# ASSIGNMENT
Will you extract the entries word for word? Images should not appear in the copy.

# SUPPLIED INFORMATION
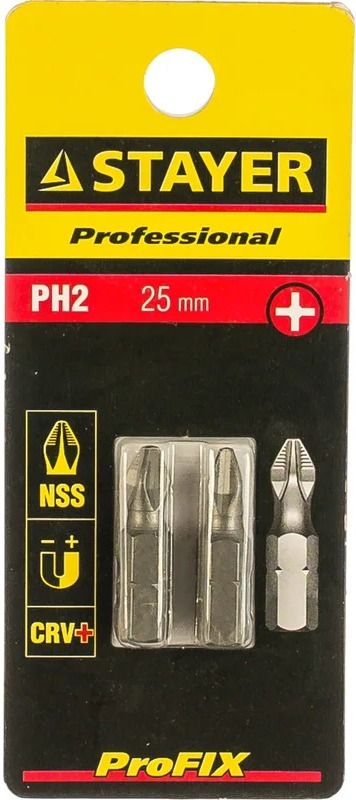 Набор бит крестовых PH2 длиной 25 мм, C1/4" Stayer ProFix 26201-2-25-02, 2 предмета - фото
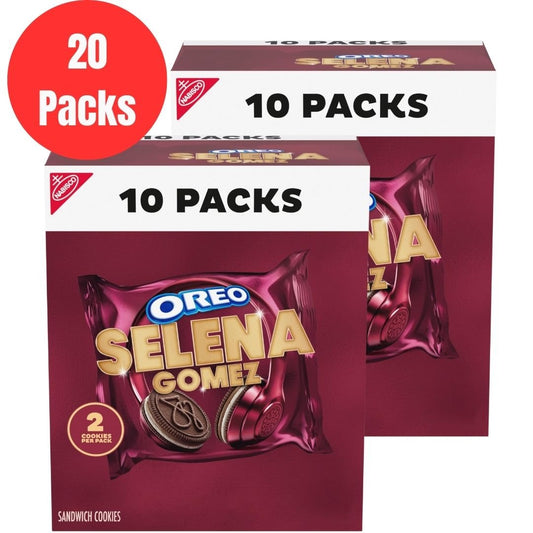 Selena Gomez OREO Cookies, Chocolate and Cinnamon Creme, Limited Edition, 2 bags - 20 Snack Packs (2 Cookies Per Pack) - Fresh Hearth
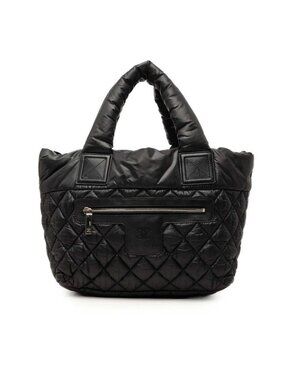 Chanel Coco Cocoon CC Logo Handbag Black Nylon Leather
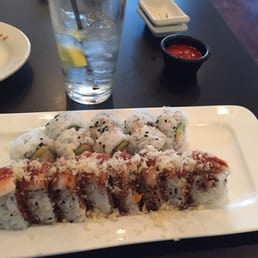 Rainbow rolls and California rolls Rainbow rolls and California rolls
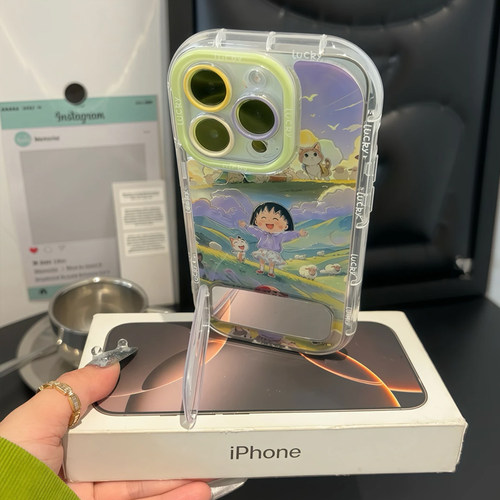 小丸子摊手镜子支架适用苹果16Promax手机壳iPhone15Pro小米14华为mate60p50k70荣耀200OPPOReno12note13s19 - 图2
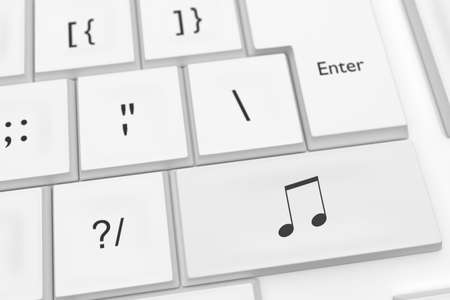 Computer Keyboard With Musical Note Symbol Button, 3d illustrationの写真素材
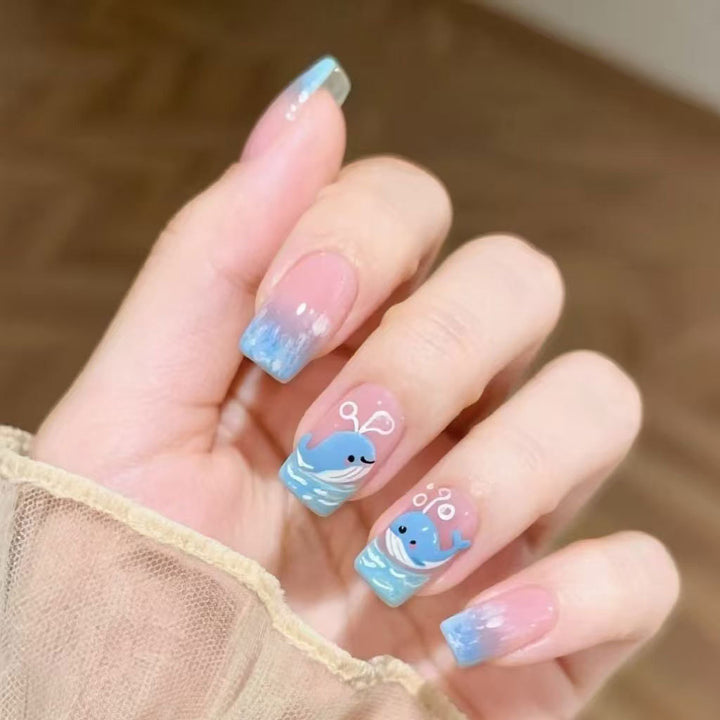 Künstlerisches Wal-Themen-Nagelkunst-Set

# ANSWER TO THIS EXERCISE
 Набор бит крестовых PH2 длиной 25 мм, C1/4" Stayer ProFix 26201-2-25-02, 2 предмета - фото
 Selena Gomez OREO Cookies, Chocolate and Cinnamon Creme, Limited Edition, 2 bags - 20 Snack Packs (2 Cookies Per Pack) - Fresh Hearth
 Chanel Coco Cocoon CC Logo Handbag Black Nylon Leather
 Rainbow rolls and California rolls Rainbow rolls and California rolls
 小丸子摊手镜子支架适用苹果16Promax手机壳iPhone15Pro小米14华为mate60p50k70荣耀200OPPOReno12note13s19 - 图2
 Computer Keyboard With Musical Note Symbol Button, 3d illustrationの写真素材
 Künstlerisches Wal-Themen-Nagelkunst-Set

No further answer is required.